Every entry below must be transcribed word for word, and the images must be left out.

### Entries supplied
++++
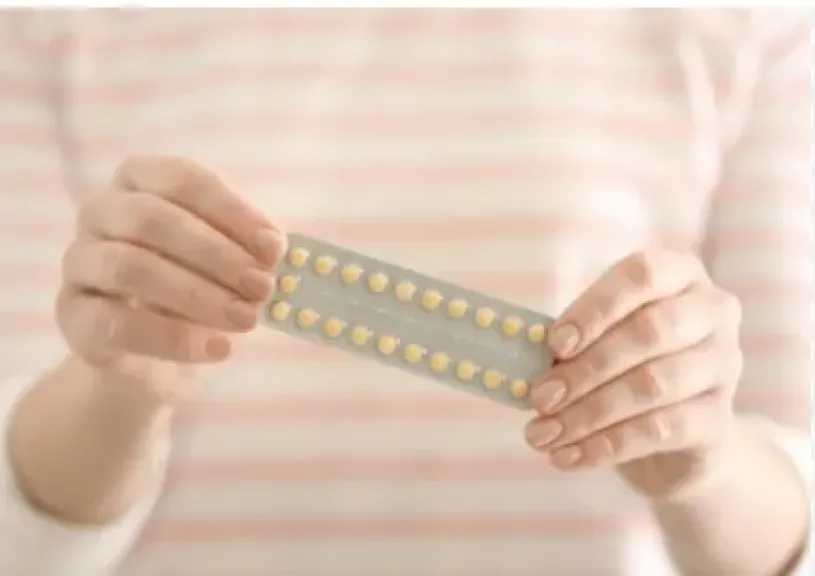 أطعمة ومكملات غذائية قد تؤثر على حبوب منع الحمل.. دليلك الشامل لتجنب التداخلات غير المتوقعة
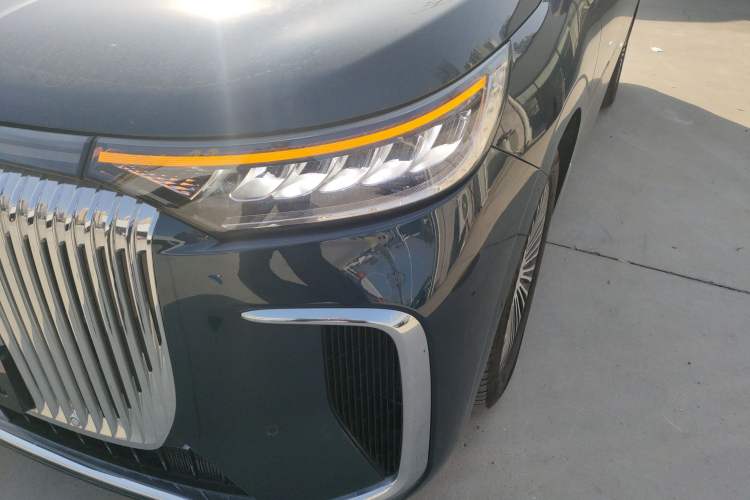 Used VOYAH Dream 2025 PHEV Four-Wheel-Drive Flagship Kunpeng Edition
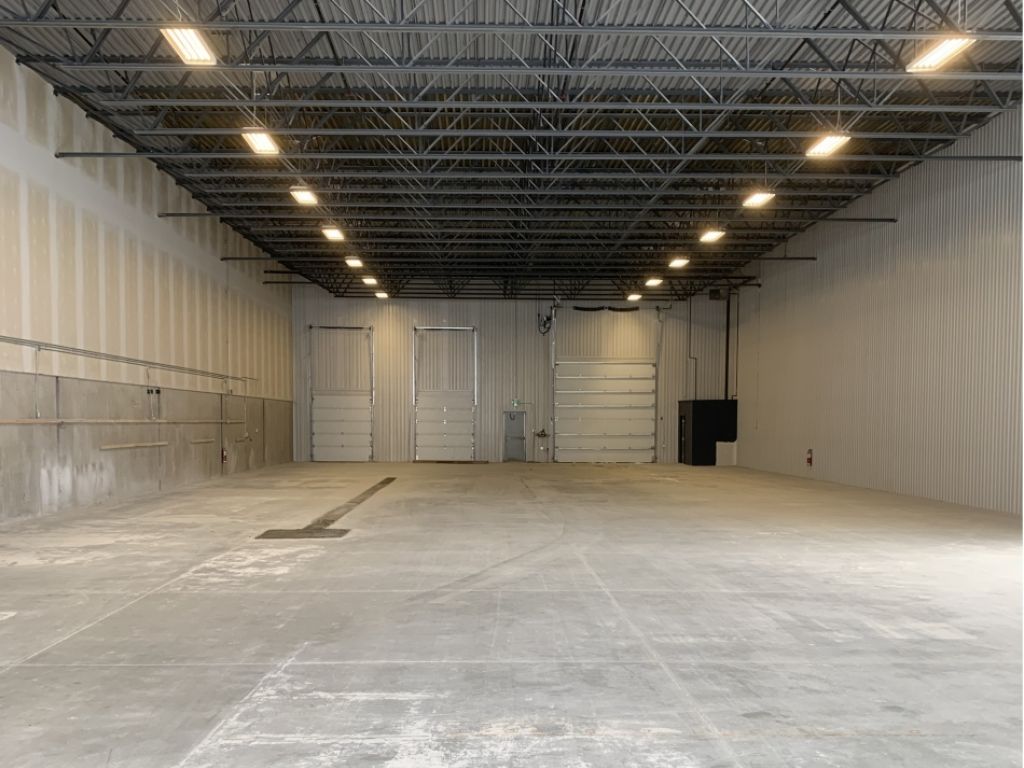 Local commercial / industriel � louer 6000, 9000 et 15000 pi.ca�St-Mathieu-de-Beloeil   Bordure de l'autoroute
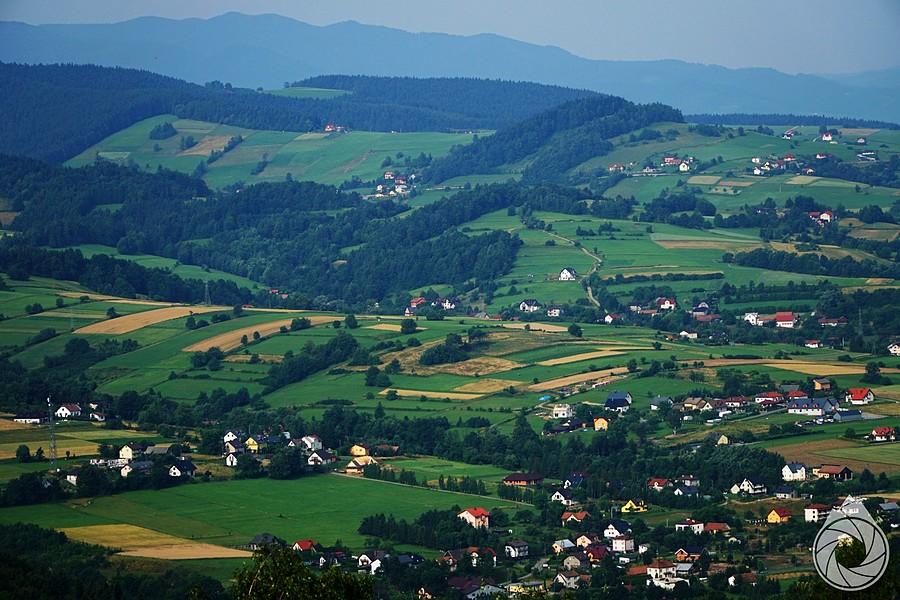 pagóry pod Pasmem Przehyby i Gorce w oddali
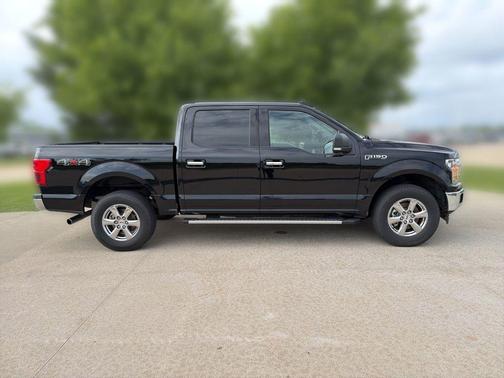 Black Metallic 2019 Ford F-150 XLT
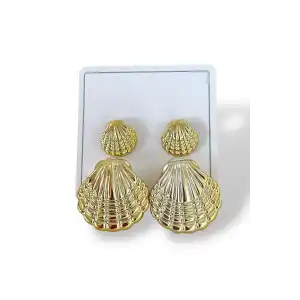Altın Renk Deniz Kabuğu Figürlü Küpe Set
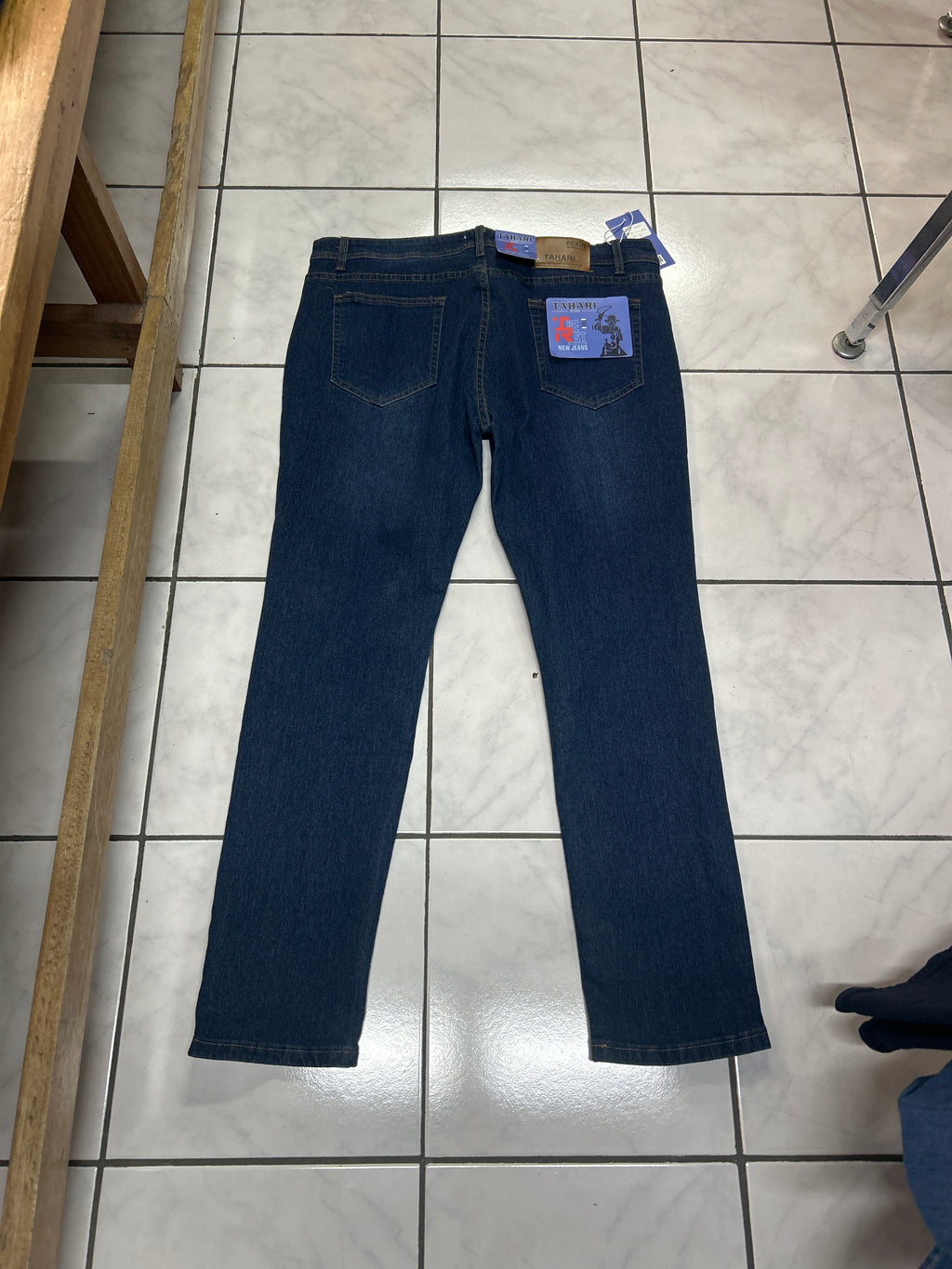 TAHARI JEANS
++++
### Answer for this exercise
 أطعمة ومكملات غذائية قد تؤثر على حبوب منع الحمل.. دليلك الشامل لتجنب التداخلات غير المتوقعة
 Used VOYAH Dream 2025 PHEV Four-Wheel-Drive Flagship Kunpeng Edition
 Local commercial / industriel � louer 6000, 9000 et 15000 pi.ca�St-Mathieu-de-Beloeil   Bordure de l'autoroute
 pagóry pod Pasmem Przehyby i Gorce w oddali
 Black Metallic 2019 Ford F-150 XLT
Altın Renk Deniz Kabuğu Figürlü Küpe Set
 TAHARI JEANS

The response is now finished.